The other plant I got at Reha's was Mangave 'Bloodspot.' This may or may not turn out to be a good idea; one of my two Mangave 'Macho Mocha' specimens lost a lot of leaves during the winter and is presently on the verge of death,3 and 'Macho Mocha' is, I think, the only Manfreda, Agave, or Mangave I have that hasn't had scale problems yet. So this is possibly a group of plants I should be more wary about. But you know how it is.

It was only $8, so if the purchase turns out to have been a bad idea, it was at least not a very bad idea. And I assume I'll get to enjoy it outside for a summer first.


1 Stapeliads are Stapelia, Huernia, Orbea, and related plants. Those three are the most common in cultivation, but there are a bunch of others. Especially notable among the others is Edithcolea grandis, which gets attempted a lot because the flowers are impressive, but it's apparently difficult to grow.
I say they're "the best" because a few of them do extremely well for me. Huernia schneideriana (which I got from Liza) and Stapelia gigantea are a couple of my favorite plants. H. schneideriana bloomed all winter long even though it wasn't receiving that much light; S. gigantea has all kinds of fun textures and smells and is one of the easiest plants I grow.
2 Let's hear it for Reha's Greenhouses.

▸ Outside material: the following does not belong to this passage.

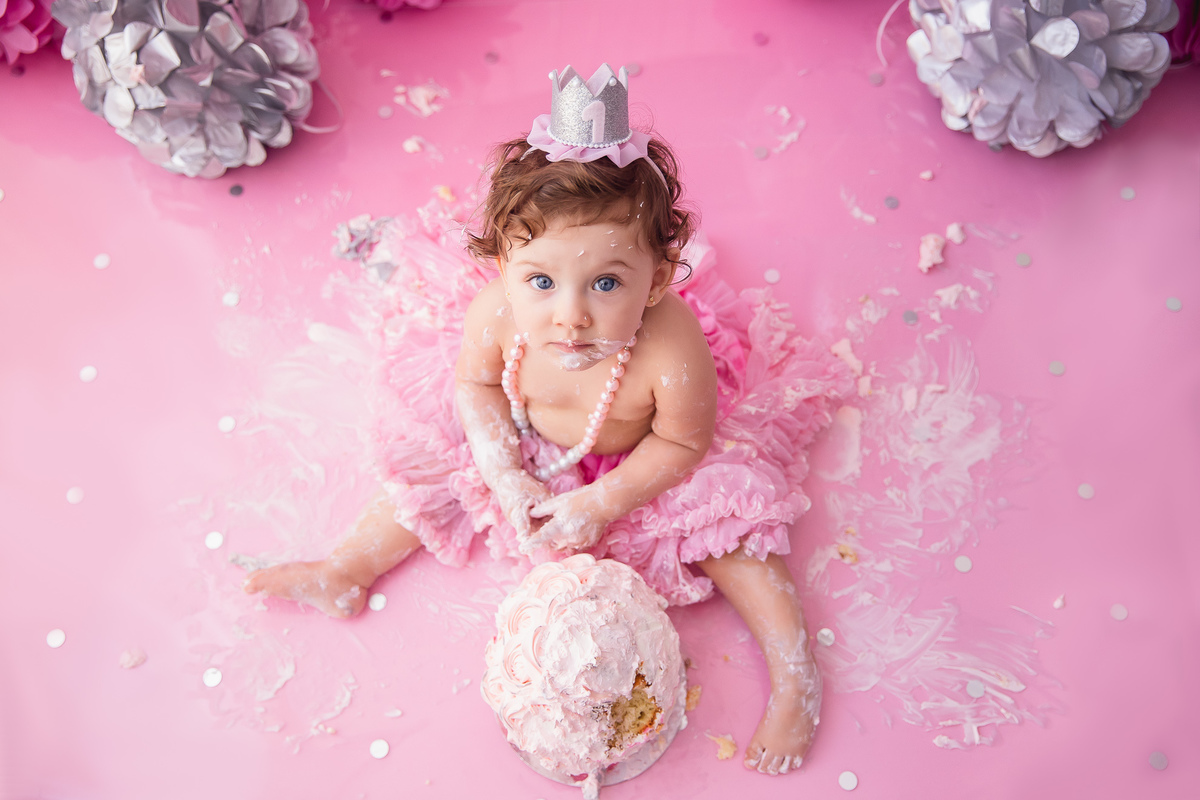 deborah-demetrio-smash-the-cake-realeza-niteroi-ana-laura-15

They're also about $6 cheaper per bag than the ex-job on the brand of potting soil I like, which I wish I'd known before buying a bag at the ex-job.
3 The one that's doing poorly was about 8 inches from an obstructed west-facing window, and also probably stayed wetter longer because it was in a larger pot. The other one was on a south-facing windowsill, so it got a lot colder, but it also probably dried out faster and saw more sun.


Ginny Burton said...

Yellow aphids? I've never seen any that were other than pale green.

Liza said...

There's a succulent sale here this weekend, and I'm hoping to find some good plants. Minus the gross aphids.

Pat said...

If you check out the H. oculata images at you will see the usual ridiculous variation of flower patterns that most of them have. Yours is well within the range. I can't link directly.

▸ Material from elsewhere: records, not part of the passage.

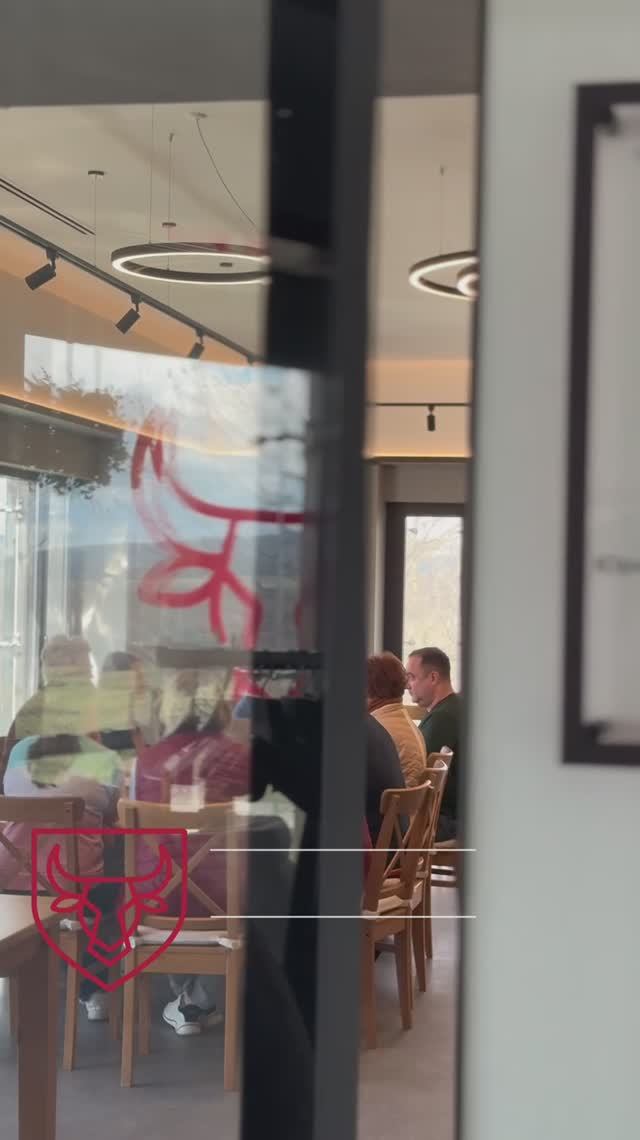 Ежемесячные совещания с командой «Бюрнье» по развитию туризма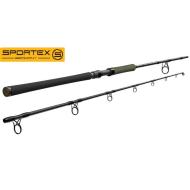 Sportex CATFIRE CS-2 BOJE 300 250-500gr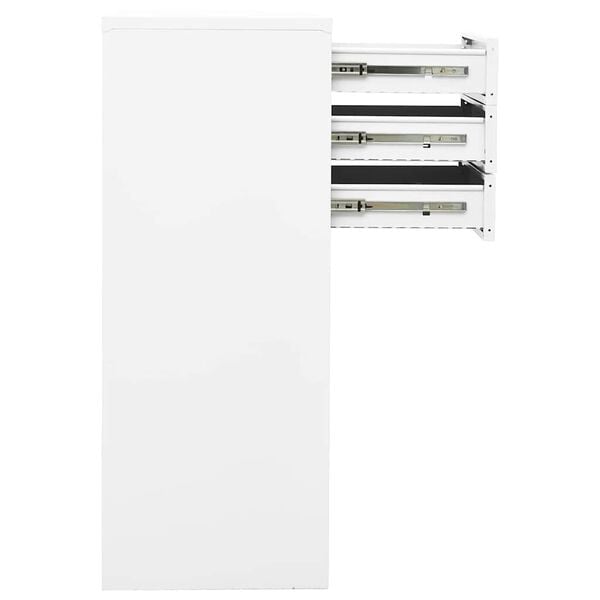 Viser produktbillede 4 af 11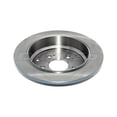 thumbnail image 2 of Durago BR90039601 R SOLID ROTOR, 2 of 2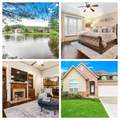 377 Beebalm Circle - Photo 1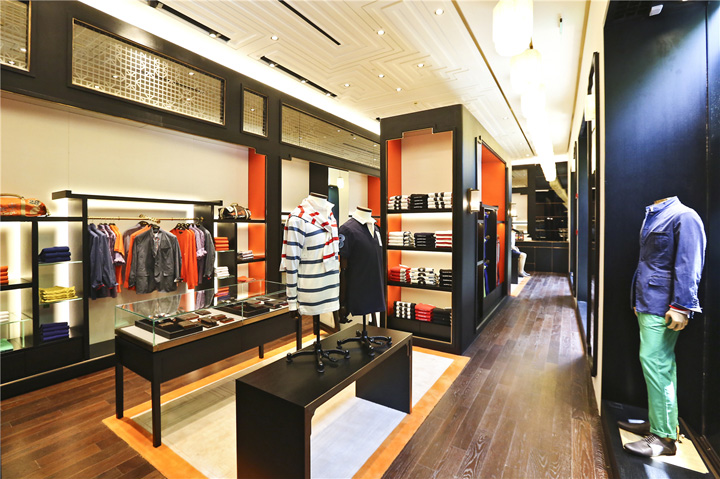 33_Shanghai-Tang-Cathay-Mansion-flagship-store-by-Design-MVW-Shanghai-China-06.jpg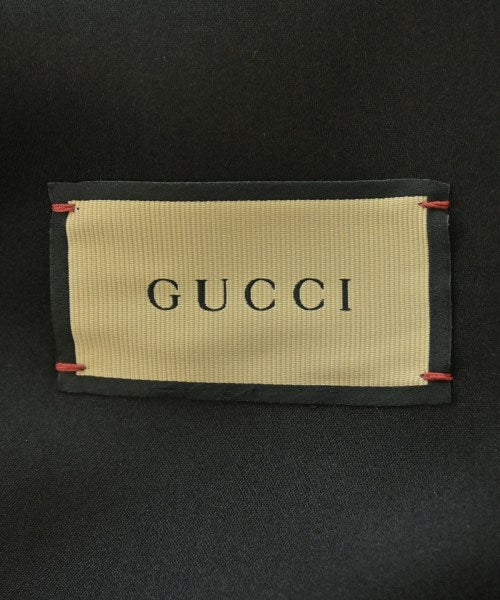 GUCCI 夾克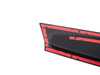 ES#4159609 - 007721LA01 - Audi B5 S4/A4 Trunk Spoiler - Gloss Black - Add some aggressive styling to your Audi! - ECS - Audi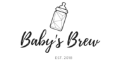 The Baby's Brew cashback The Baby's Brew cashback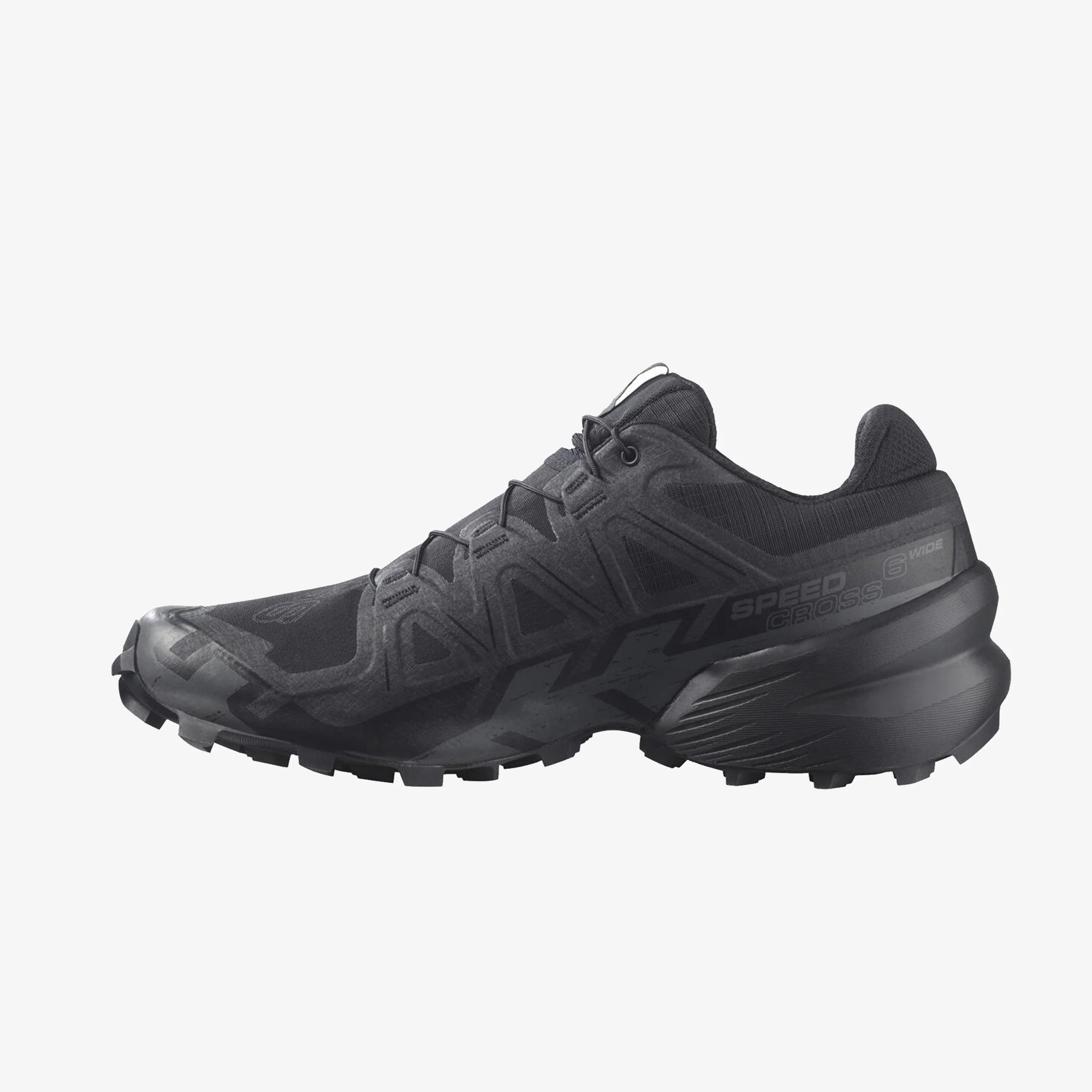 SPEEDCROSS 6 WIDE MEN'S - Image 6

Edithcolea is supposed to be easy if you keep it very hot. I am getting one in a month and hope not to let it go below 20°C.

Unknown said...

Yellow aphids are not uncommon on some succulents here in Australia. I find them particularly irritating on the flower stems of Adromischus species, where they can easily wreck the entire inflorescence. I must admit to not having thought about their colour much, but I always thought it had something to do with the "colouring" chemicals in the plants they feed on. Apparently the truth is more complex (see: ) but they certainly come in many colours - I have personally seen black, grey, green, yellow and orange aphids over the many years I have been a gardener.

Now, onto the plants - these are my kind of plant! I adore Asclepiads and also Agaves and their near relatives. I have a particularly soft spot for Manfredas and Mangaves. Mangave 'Bloodspot' is a plant I have long coveted but never seen in the flesh - It doesn't seem to be available here in Australia at present, and it is beyond my finances to import any live plants from overseas. Australian plant quarantine fees are $4 per day per plant for a minimum of 3 months and that's AFTER you pay the initial assessment fees and charges. Still I can dream I guess - I can't understand why any commercial grower here who has ever seen this plant doesn't jump on it as it is so attractive.

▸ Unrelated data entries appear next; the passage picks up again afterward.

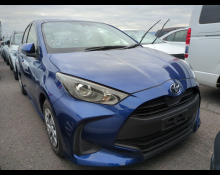 Used Japanese Cars For Sale At Best Price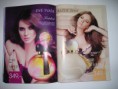 /album/fotogalerie/p1010089-jpg/
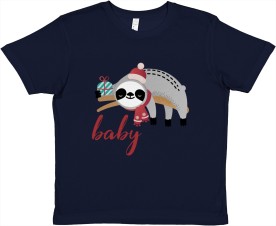 item preview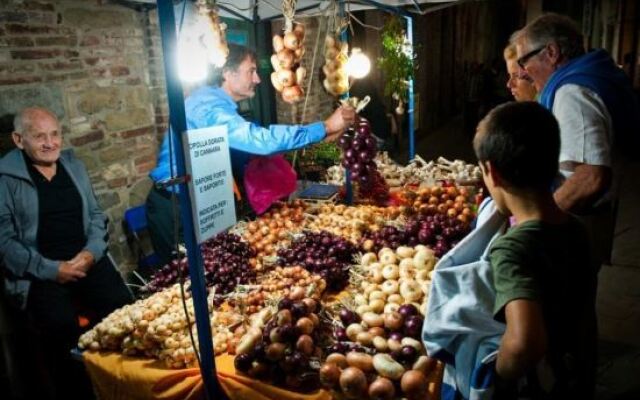 Umbria nel cuore
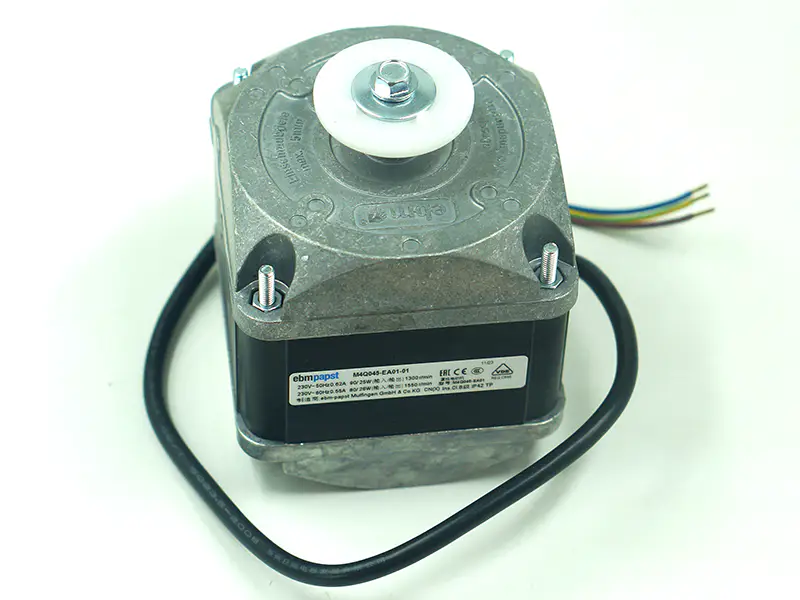 Ventilateur Ebmpapst M4Q045-EA01-01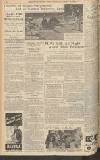Bristol Evening Post Thursday 20 July 1939 Page 12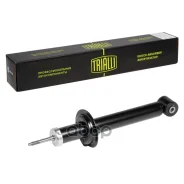 ����������� ����. ����. ��� �/� Lada Granta (10-) | ����/��� | Lada Granta (10-) Trialli ���. AH01510 Trialli AH01510 ����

Asclepiads, at least, CAN be found here in OZ from the network of hobby and specialist growers, if not very much commercially. I'm quite fond of Huernias in particular, and have grown quite a few species year round out of doors (I'm zone 10a). I find H. zebrina and some of the Carrallumas and Stapelias a bit cold sensitive in the winter, but most of the commoner ones do well here if kept dry when the overnight temperatures go under 10C/50F. It can be tricky when to decide to stop watering though - quite a few species flower in the autumn or early winter and an early cold snap can cause problems. I recommend H. keniensis, H. pillansii, S. grandiflora, and S. olivacea in particular as being easy to grow and flower.

For those readers of PATSP who just can't get enough Asclepiad pictures - check out and also both sites are quite amazing.